In ternary tre the no. Of internal nodes of degree 1,2 and 3 is 4 ,3 and 3 respectively the no. Of leaf nodes in the ternary tree is
Answers
Answer:
Total number of leaf nodes is 10.
Step-by-step explanation:
It is given that:
The nodes with degree 1 is 4. (therefore, degree = internal nodes + the root = 1+1=2)
The nodes with degree 2 is 3. (therefore, degree = internal nodes + the root = 2+1=3)
The nodes with degree 3 is 3. (therefore, degree = internal nodes + the root = 3+1=4)
There is also the first node (root) which has a degree of 0+3 = 3
Let the number of leaf nodes be N. The degree of those leaf nodes is 1 because they are only attached to their parent.

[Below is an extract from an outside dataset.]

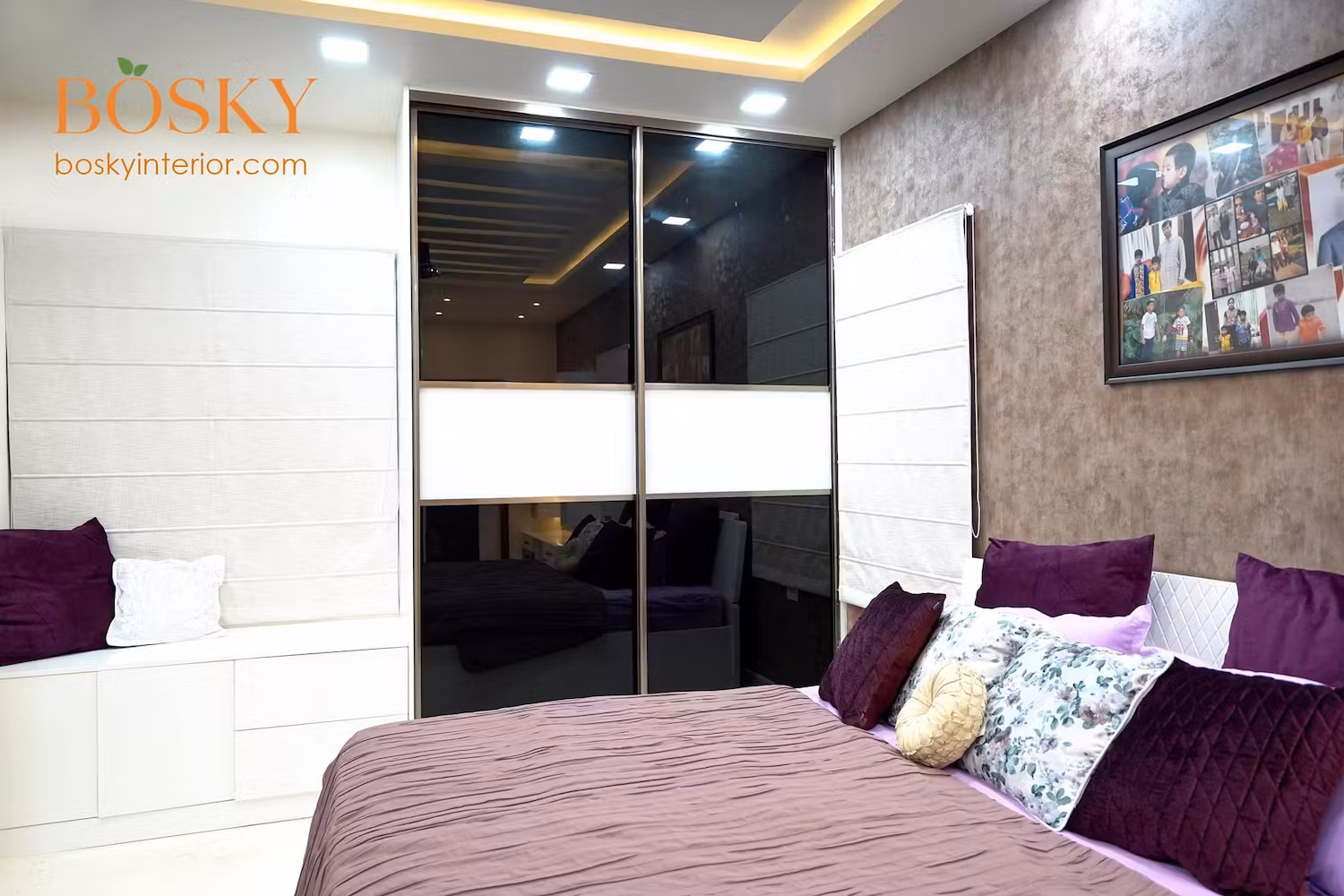 A black and white polished lacquered glass wardrobe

Total number of nodes in tree = internal nodes + leafs node = 4 + 3 + 3 + N = 10 + N.
Therefore, the total number of edges = total number of nodes - 1 = 9+N.
For ternary trees: Sum of degrees of all vertices = 2*total number of edges.
(1*3) + (2*4) + (3*3) + (4*2) + (N*1) = 2(9+N)
3 + 8 + 9 + 8 + N = 18 + 2N
N = 10.